**Excerpted data:**
▼▼▼

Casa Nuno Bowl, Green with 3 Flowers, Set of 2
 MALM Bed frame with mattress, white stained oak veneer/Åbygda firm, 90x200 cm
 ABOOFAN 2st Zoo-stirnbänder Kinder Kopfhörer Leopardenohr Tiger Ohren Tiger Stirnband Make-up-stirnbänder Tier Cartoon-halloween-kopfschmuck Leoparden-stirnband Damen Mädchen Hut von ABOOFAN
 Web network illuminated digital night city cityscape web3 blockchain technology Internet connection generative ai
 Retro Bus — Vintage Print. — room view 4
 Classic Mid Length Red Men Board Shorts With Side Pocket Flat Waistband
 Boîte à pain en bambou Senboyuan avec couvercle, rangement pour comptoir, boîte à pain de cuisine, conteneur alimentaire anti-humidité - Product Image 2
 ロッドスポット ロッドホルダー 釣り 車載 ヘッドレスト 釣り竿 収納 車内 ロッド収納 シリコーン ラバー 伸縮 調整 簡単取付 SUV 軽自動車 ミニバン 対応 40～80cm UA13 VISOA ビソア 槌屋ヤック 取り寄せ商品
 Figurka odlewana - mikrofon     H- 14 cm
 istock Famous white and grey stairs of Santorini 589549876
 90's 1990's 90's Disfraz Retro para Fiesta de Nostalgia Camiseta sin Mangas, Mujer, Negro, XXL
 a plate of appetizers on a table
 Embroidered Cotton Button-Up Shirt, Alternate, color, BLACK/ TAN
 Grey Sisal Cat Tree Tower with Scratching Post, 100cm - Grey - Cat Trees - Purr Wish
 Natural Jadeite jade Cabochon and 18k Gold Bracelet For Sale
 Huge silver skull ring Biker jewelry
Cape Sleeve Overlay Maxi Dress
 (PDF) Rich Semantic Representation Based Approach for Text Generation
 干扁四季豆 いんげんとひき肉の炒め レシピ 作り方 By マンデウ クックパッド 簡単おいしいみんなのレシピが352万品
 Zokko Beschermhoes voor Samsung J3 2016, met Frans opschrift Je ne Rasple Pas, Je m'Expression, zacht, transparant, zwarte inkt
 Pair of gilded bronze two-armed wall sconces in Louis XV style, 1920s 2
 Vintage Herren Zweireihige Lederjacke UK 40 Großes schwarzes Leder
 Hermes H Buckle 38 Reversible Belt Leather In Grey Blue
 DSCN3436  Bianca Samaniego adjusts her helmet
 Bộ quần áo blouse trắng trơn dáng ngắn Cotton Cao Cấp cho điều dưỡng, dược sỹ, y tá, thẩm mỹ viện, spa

▲▲▲

**Task objective:** The reply should contain all of the entries exactly as shown above.

**Task solution:**
Casa Nuno Bowl, Green with 3 Flowers, Set of 2
 MALM Bed frame with mattress, white stained oak veneer/Åbygda firm, 90x200 cm
 ABOOFAN 2st Zoo-stirnbänder Kinder Kopfhörer Leopardenohr Tiger Ohren Tiger Stirnband Make-up-stirnbänder Tier Cartoon-halloween-kopfschmuck Leoparden-stirnband Damen Mädchen Hut von ABOOFAN
 Web network illuminated digital night city cityscape web3 blockchain technology Internet connection generative ai
 Retro Bus — Vintage Print. — room view 4
 Classic Mid Length Red Men Board Shorts With Side Pocket Flat Waistband
 Boîte à pain en bambou Senboyuan avec couvercle, rangement pour comptoir, boîte à pain de cuisine, conteneur alimentaire anti-humidité - Product Image 2
 ロッドスポット ロッドホルダー 釣り 車載 ヘッドレスト 釣り竿 収納 車内 ロッド収納 シリコーン ラバー 伸縮 調整 簡単取付 SUV 軽自動車 ミニバン 対応 40～80cm UA13 VISOA ビソア 槌屋ヤック 取り寄せ商品
 Figurka odlewana - mikrofon     H- 14 cm
 istock Famous white and grey stairs of Santorini 589549876
 90's 1990's 90's Disfraz Retro para Fiesta de Nostalgia Camiseta sin Mangas, Mujer, Negro, XXL
 a plate of appetizers on a table
 Embroidered Cotton Button-Up Shirt, Alternate, color, BLACK/ TAN
 Grey Sisal Cat Tree Tower with Scratching Post, 100cm - Grey - Cat Trees - Purr Wish
 Natural Jadeite jade Cabochon and 18k Gold Bracelet For Sale
 Huge silver skull ring Biker jewelry
Cape Sleeve Overlay Maxi Dress
 (PDF) Rich Semantic Representation Based Approach for Text Generation
 干扁四季豆 いんげんとひき肉の炒め レシピ 作り方 By マンデウ クックパッド 簡単おいしいみんなのレシピが352万品
 Zokko Beschermhoes voor Samsung J3 2016, met Frans opschrift Je ne Rasple Pas, Je m'Expression, zacht, transparant, zwarte inkt
 Pair of gilded bronze two-armed wall sconces in Louis XV style, 1920s 2
 Vintage Herren Zweireihige Lederjacke UK 40 Großes schwarzes Leder
 Hermes H Buckle 38 Reversible Belt Leather In Grey Blue
 DSCN3436  Bianca Samaniego adjusts her helmet
 Bộ quần áo blouse trắng trơn dáng ngắn Cotton Cao Cấp cho điều dưỡng, dược sỹ, y tá, thẩm mỹ viện, spa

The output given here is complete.